**Material to process**
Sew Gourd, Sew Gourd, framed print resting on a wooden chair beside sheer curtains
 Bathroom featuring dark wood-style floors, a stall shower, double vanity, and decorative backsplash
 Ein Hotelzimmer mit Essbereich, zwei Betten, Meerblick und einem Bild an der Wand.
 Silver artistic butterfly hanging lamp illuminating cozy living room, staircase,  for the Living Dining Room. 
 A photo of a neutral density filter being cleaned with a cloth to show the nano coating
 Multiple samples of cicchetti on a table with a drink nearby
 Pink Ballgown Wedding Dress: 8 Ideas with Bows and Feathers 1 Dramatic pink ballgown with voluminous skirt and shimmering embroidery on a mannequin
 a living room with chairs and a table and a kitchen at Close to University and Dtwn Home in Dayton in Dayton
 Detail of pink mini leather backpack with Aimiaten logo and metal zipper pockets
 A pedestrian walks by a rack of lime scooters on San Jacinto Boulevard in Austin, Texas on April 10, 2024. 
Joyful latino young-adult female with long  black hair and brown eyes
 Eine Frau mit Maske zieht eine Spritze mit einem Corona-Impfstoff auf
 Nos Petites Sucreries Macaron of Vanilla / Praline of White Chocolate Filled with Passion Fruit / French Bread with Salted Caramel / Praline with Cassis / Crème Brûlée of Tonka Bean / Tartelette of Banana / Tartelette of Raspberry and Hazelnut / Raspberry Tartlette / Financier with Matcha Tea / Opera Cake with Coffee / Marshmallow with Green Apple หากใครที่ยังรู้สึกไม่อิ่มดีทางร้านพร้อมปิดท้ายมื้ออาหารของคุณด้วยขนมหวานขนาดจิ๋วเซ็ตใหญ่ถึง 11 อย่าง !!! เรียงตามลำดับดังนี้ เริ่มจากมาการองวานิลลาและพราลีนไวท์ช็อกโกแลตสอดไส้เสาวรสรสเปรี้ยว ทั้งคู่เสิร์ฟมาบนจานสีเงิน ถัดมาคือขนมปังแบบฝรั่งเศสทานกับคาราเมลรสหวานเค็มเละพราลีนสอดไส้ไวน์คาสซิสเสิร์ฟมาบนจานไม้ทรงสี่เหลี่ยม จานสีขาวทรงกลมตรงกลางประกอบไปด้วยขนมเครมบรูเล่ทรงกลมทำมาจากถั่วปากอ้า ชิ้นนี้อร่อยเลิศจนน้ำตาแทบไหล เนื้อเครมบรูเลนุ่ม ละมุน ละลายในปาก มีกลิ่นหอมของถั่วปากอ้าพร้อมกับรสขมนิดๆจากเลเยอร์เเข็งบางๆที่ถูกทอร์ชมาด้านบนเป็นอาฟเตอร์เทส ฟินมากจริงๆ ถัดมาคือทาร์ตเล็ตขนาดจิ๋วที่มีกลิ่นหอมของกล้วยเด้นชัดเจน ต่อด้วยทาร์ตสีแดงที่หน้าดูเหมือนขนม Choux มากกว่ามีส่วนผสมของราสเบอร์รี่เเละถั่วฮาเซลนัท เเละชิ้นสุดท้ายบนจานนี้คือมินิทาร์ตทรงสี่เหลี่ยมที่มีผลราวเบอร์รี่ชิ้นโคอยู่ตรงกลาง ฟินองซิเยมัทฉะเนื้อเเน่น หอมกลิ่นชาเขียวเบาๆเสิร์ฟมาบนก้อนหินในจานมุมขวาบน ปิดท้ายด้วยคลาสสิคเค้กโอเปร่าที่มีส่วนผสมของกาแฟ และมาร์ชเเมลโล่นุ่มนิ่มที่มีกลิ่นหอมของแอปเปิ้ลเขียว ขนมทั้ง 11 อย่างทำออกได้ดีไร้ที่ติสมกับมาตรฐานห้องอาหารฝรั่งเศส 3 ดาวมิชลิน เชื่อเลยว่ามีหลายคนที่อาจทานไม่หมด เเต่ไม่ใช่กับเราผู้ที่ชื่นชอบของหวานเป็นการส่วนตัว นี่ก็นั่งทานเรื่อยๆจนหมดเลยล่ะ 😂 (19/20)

**Exercise objective**
Render every record verbatim. Nothing should be left out.

**Task output**
Sew Gourd, Sew Gourd, framed print resting on a wooden chair beside sheer curtains
 Bathroom featuring dark wood-style floors, a stall shower, double vanity, and decorative backsplash
 Ein Hotelzimmer mit Essbereich, zwei Betten, Meerblick und einem Bild an der Wand.
 Silver artistic butterfly hanging lamp illuminating cozy living room, staircase,  for the Living Dining Room. 
 A photo of a neutral density filter being cleaned with a cloth to show the nano coating
 Multiple samples of cicchetti on a table with a drink nearby
 Pink Ballgown Wedding Dress: 8 Ideas with Bows and Feathers 1 Dramatic pink ballgown with voluminous skirt and shimmering embroidery on a mannequin
 a living room with chairs and a table and a kitchen at Close to University and Dtwn Home in Dayton in Dayton
 Detail of pink mini leather backpack with Aimiaten logo and metal zipper pockets
 A pedestrian walks by a rack of lime scooters on San Jacinto Boulevard in Austin, Texas on April 10, 2024. 
Joyful latino young-adult female with long  black hair and brown eyes
 Eine Frau mit Maske zieht eine Spritze mit einem Corona-Impfstoff auf
 Nos Petites Sucreries Macaron of Vanilla / Praline of White Chocolate Filled with Passion Fruit / French Bread with Salted Caramel / Praline with Cassis / Crème Brûlée of Tonka Bean / Tartelette of Banana / Tartelette of Raspberry and Hazelnut / Raspberry Tartlette / Financier with Matcha Tea / Opera Cake with Coffee / Marshmallow with Green Apple หากใครที่ยังรู้สึกไม่อิ่มดีทางร้านพร้อมปิดท้ายมื้ออาหารของคุณด้วยขนมหวานขนาดจิ๋วเซ็ตใหญ่ถึง 11 อย่าง !!! เรียงตามลำดับดังนี้ เริ่มจากมาการองวานิลลาและพราลีนไวท์ช็อกโกแลตสอดไส้เสาวรสรสเปรี้ยว ทั้งคู่เสิร์ฟมาบนจานสีเงิน ถัดมาคือขนมปังแบบฝรั่งเศสทานกับคาราเมลรสหวานเค็มเละพราลีนสอดไส้ไวน์คาสซิสเสิร์ฟมาบนจานไม้ทรงสี่เหลี่ยม จานสีขาวทรงกลมตรงกลางประกอบไปด้วยขนมเครมบรูเล่ทรงกลมทำมาจากถั่วปากอ้า ชิ้นนี้อร่อยเลิศจนน้ำตาแทบไหล เนื้อเครมบรูเลนุ่ม ละมุน ละลายในปาก มีกลิ่นหอมของถั่วปากอ้าพร้อมกับรสขมนิดๆจากเลเยอร์เเข็งบางๆที่ถูกทอร์ชมาด้านบนเป็นอาฟเตอร์เทส ฟินมากจริงๆ ถัดมาคือทาร์ตเล็ตขนาดจิ๋วที่มีกลิ่นหอมของกล้วยเด้นชัดเจน ต่อด้วยทาร์ตสีแดงที่หน้าดูเหมือนขนม Choux มากกว่ามีส่วนผสมของราสเบอร์รี่เเละถั่วฮาเซลนัท เเละชิ้นสุดท้ายบนจานนี้คือมินิทาร์ตทรงสี่เหลี่ยมที่มีผลราวเบอร์รี่ชิ้นโคอยู่ตรงกลาง ฟินองซิเยมัทฉะเนื้อเเน่น หอมกลิ่นชาเขียวเบาๆเสิร์ฟมาบนก้อนหินในจานมุมขวาบน ปิดท้ายด้วยคลาสสิคเค้กโอเปร่าที่มีส่วนผสมของกาแฟ และมาร์ชเเมลโล่นุ่มนิ่มที่มีกลิ่นหอมของแอปเปิ้ลเขียว ขนมทั้ง 11 อย่างทำออกได้ดีไร้ที่ติสมกับมาตรฐานห้องอาหารฝรั่งเศส 3 ดาวมิชลิน เชื่อเลยว่ามีหลายคนที่อาจทานไม่หมด เเต่ไม่ใช่กับเราผู้ที่ชื่นชอบของหวานเป็นการส่วนตัว นี่ก็นั่งทานเรื่อยๆจนหมดเลยล่ะ 😂 (19/20)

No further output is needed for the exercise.